In this post, I will give a brief overview of some of the theory and core principles behind listening so that you can be aware of what good listening is and, especially if your listening is as bad as mine, become a better listener by learning to listen.

What is Listening?

Listening is not just the process of receiving information through our ears, or hearing the words coming out of someone’s mouth.  It is also how we filter what we hear and what our intentions are for the conversation that we are having.

Being a good listener is important for two big reasons:

  • Information accrual – Gathering facts and opinions, e.g, about your product if you’re an entrepreneur
  • Relationship building – Being someone who can listen to what someone else is saying without shifting the conversation to revolve around themselves is incredibly refreshing for everyone else – trust me

Levels of Listening

The quality at which you are listening, and your intentions for the conversation, can be rated along several levels:

Level 0 – Attention Seeking

Level 0 listening isn’t really listening.  It occurs when you repeatedly (and often subconsciously) divert the conversation back to (and talk about) yourself.  Phrases such as: “Yeah, just like the time when I…” or, “That happened to me too, and I…”, switch the focus of the conversation back to yourself rather than the speaker.

If you’ve ever been in a conversation where you are all taking it in turns to talk about your individual experiences (e.g., places you’ve each been travelling), that’s a Level 0 conversation.  This is the level that I was at without realising (and sometimes still am at, particularly when tired).

Level 1 – Self Interested

Level 1 listening is figuring out what is being said impacts you

Level 1 involves listening to someone and diverting the conversation towards your self interest or what concerns us as the listener – in short, it is figuring out what is being said impacts you.  An example could be asking someone whether they would recommend their most recent holiday destination (so that you know where to plan a trip) rather than how they actually found their holiday.  This implies little interest in the speaker’s needs.

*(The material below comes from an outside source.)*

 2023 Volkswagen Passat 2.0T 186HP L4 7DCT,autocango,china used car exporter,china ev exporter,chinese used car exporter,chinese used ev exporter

Level 2 – Understanding Other Perspectives

This level of listening involves learning the other person’s perspective and confirming your understanding, perhaps by summarising the content thus far or by asking meaningful questions to test what you have heard.  In addition, you are actively trying to work out not just what is being said, but how it is being said.  There is a much greater focus on understanding how the speaker sees and understands issues.  Non-verbal language to demonstrate your interest also comes into play if it hasn’t already, such as:

  • Making eye contact
  • Giving your full attention
  • Ignoring other thoughts in your head

If you can’t summarise the entire conversation thus far, you haven’t been listening at Level 2.

Level 3 – Mutuality

Level 3 involves fully engaging the speaker.  This is achieved by listening carefully to find common interests and positions, and being enthusiastic and interested in the speaker’s thoughts and perspectives.  Conversations at this level often result in you working together to deliver value from the chat (e.g., by planning to meet again, sharing contacts, helping out, etc).  If you can hit this level, congratulations – you are a great listener.

Applying the Theory

I found that understanding the theory made me realise my “bad habits”.  While I was often interested in what the speakers had to say, I was subconsciously not demonstrating it and routinely talking about myself, thus giving off a bad impression.  A little tweak to change the direction you nudge the conversation can often work wonders for how people perceive you, and how you perceive others.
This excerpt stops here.